Oneil Levy

Personal information
- Full name: Oneil Nester Levy
- Born: 10 April 1983 (age 43) Bahamas
- Batting: Right-handed
- Bowling: Right-arm (unknown)

International information
- National side: Bahamas;

Career statistics
| Competition | T20 |
| Matches | 1 |
| Runs scored | 19 |
| Batting average | 19.00 |
| 100s/50s | –/– |
| Top score | 19 |
| Balls bowled | 24 |
| Wickets | – |
| Bowling average | – |
| 5 wickets in innings | – |
| 10 wickets in match | – |
| Best bowling | – |
| Catches/stumpings | –/– |
- Source: Cricinfo, 28 May 2010

= Oneil Levy =

Bahamian cricketer (born 1983)

Oneil Nester Levy (born 10 April 1983) is a former Bahamian cricketer. Levy is a right-handed batsman who was a right-arm bowler, although his style is unknown. Levy represented the Bahamas national cricket team in 5 matches.

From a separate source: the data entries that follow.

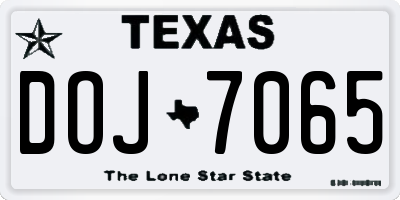 TX license plate DOJ7065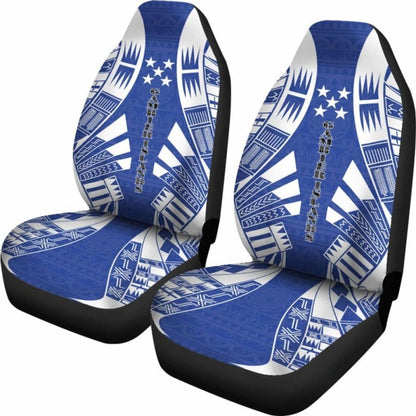 Gambier Islands Car Seat Covers - Gambier Islands Flag Polynesian Tattoo Flag -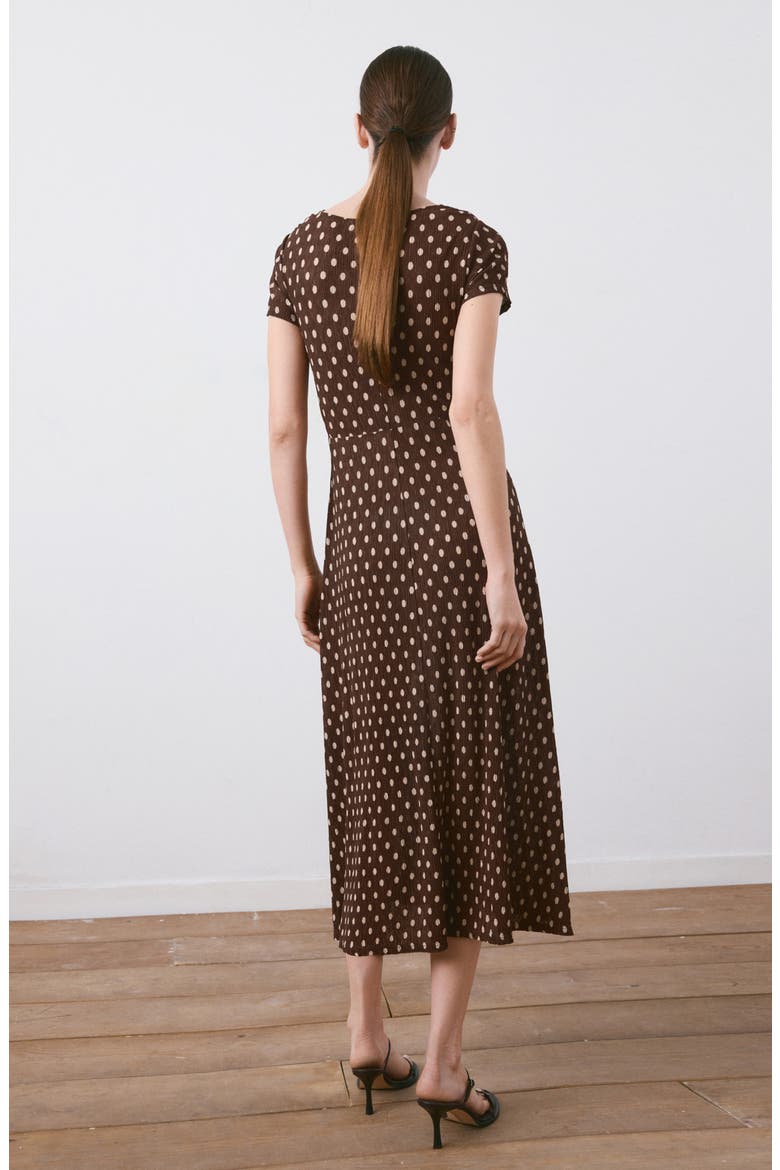 Print Midi Dress, Alternate, color, BROWN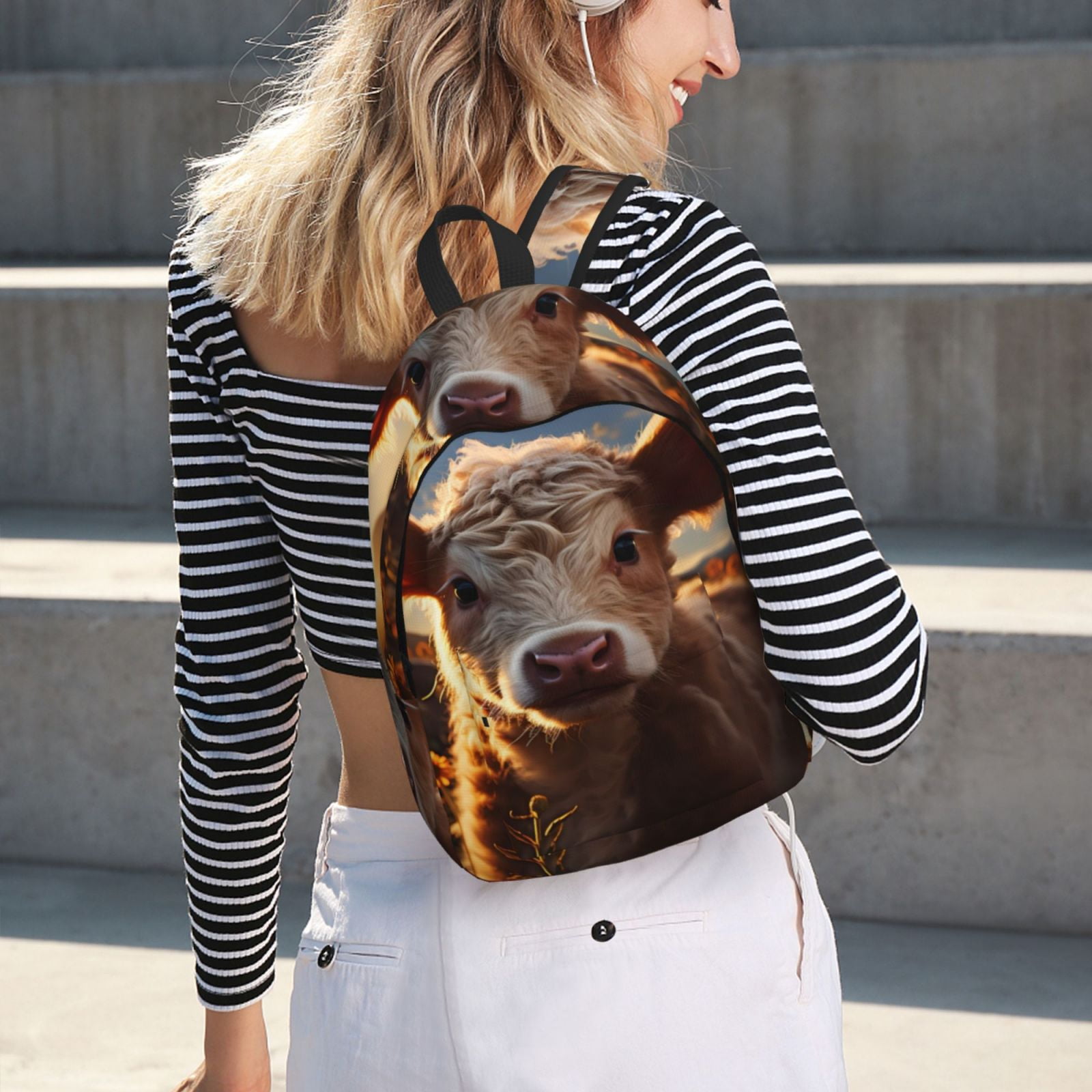 Picia Sunset Sunflower Small Cow Printed Canvas Daypack - Stylish and Durable Vintage Compact Backpack - Class, Work, Travel, or Laptop Bookbag,Organized Compartments-Medium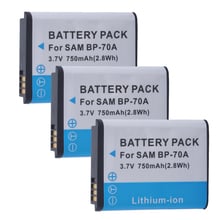 Batmax-batería BP-70A BP70A para Samsung ST95 ST100 ST6500 SL50 SL600 TL205 WB30F WB35F DV150F ES65 ES67 MV800 PL80, 3 unidades 2024 - compra barato
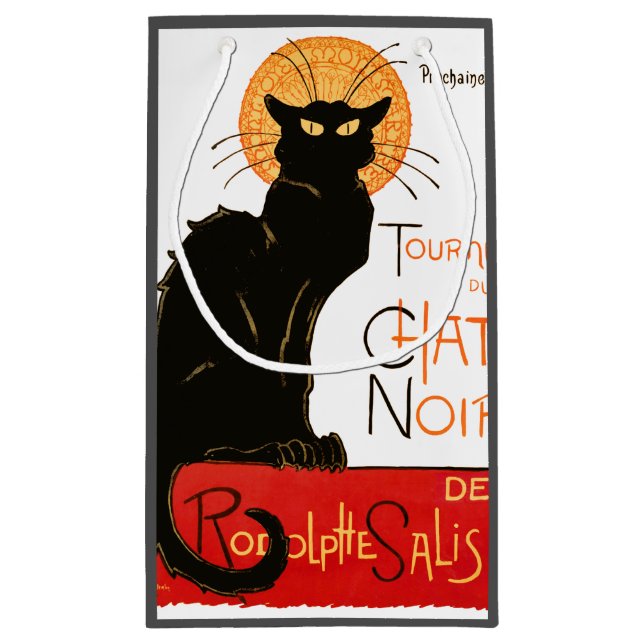 Steinlen Black Cat Classic French Artwork Kleine Geschenktüte (Rückseite)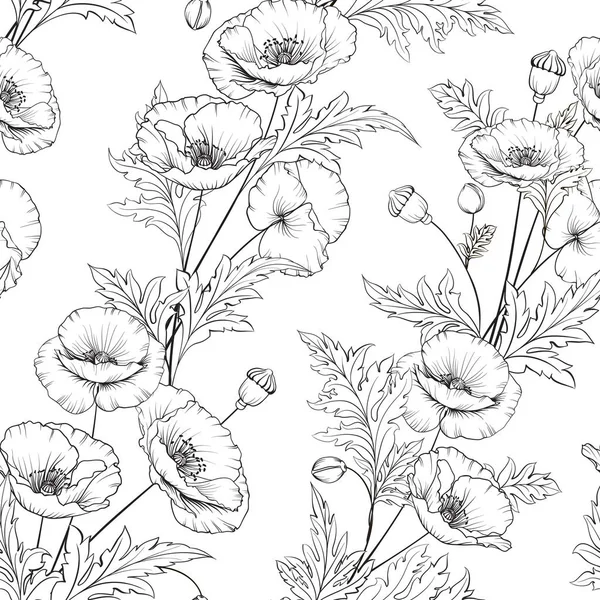 Modello di fiori di papavero su sfondo bianco. — Vettoriale Stock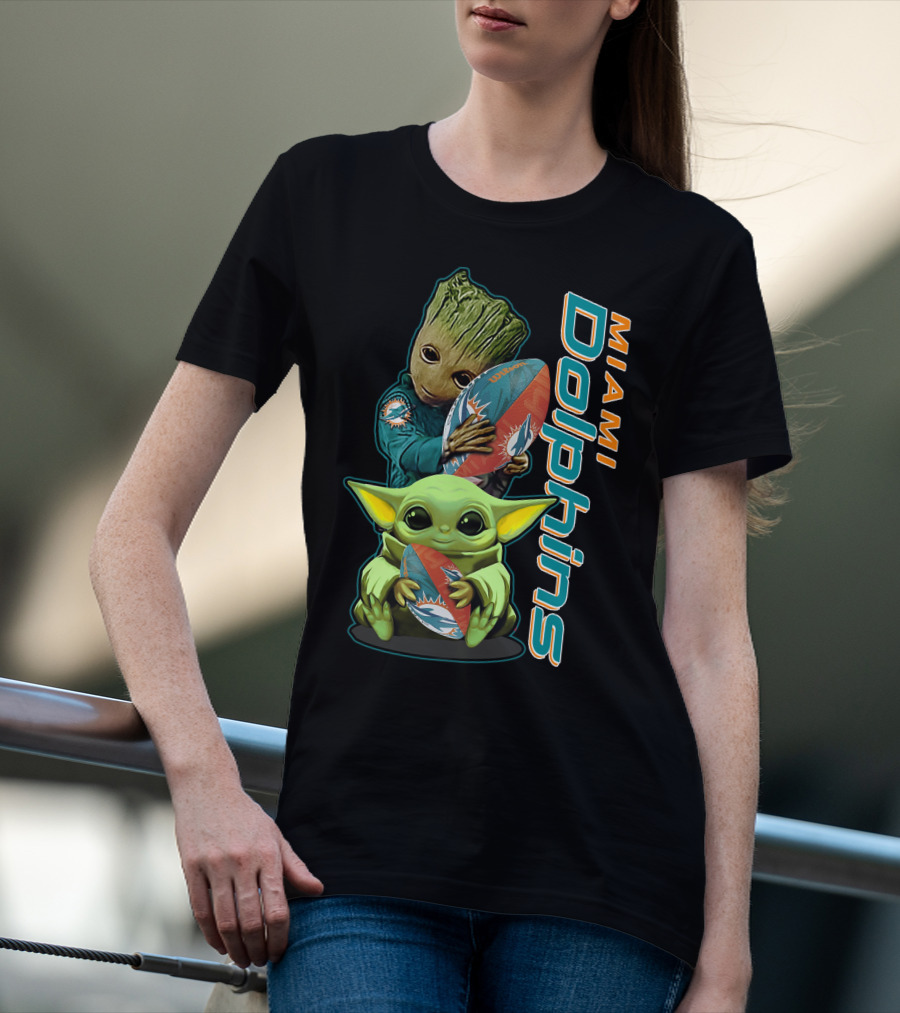 Grzd Miami Dolphins Groot And Baby Yoda Football T-Shirt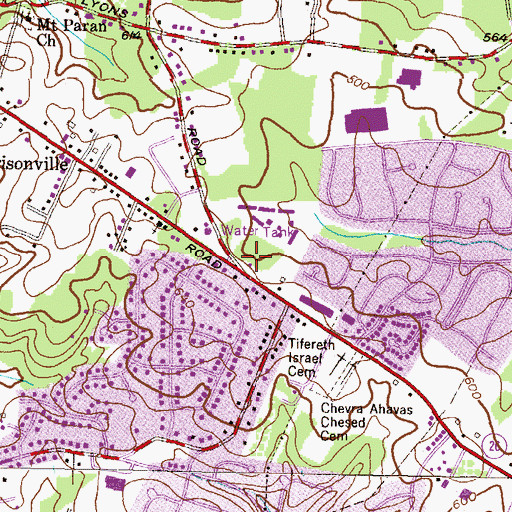 Topographic Map of Kings Point Square Shopping Center, MD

Levy made his debut for the Bahamas in the 2002 ICC Americas Championship against the United States.

In 2002, he represented the Americas U-19's in the 2002 West Indies Cricket Board Under-19 Tournament, where he played in 5 matches for the team.

Levy made his Twenty20 appearance for the Bahamas against the Cayman Islands in the 1st round of the 2006 Stanford 20/20. Levy scored 19 runs, with the Bahamas losing by 57 runs. This was Levy's final appearance for the Bahamas.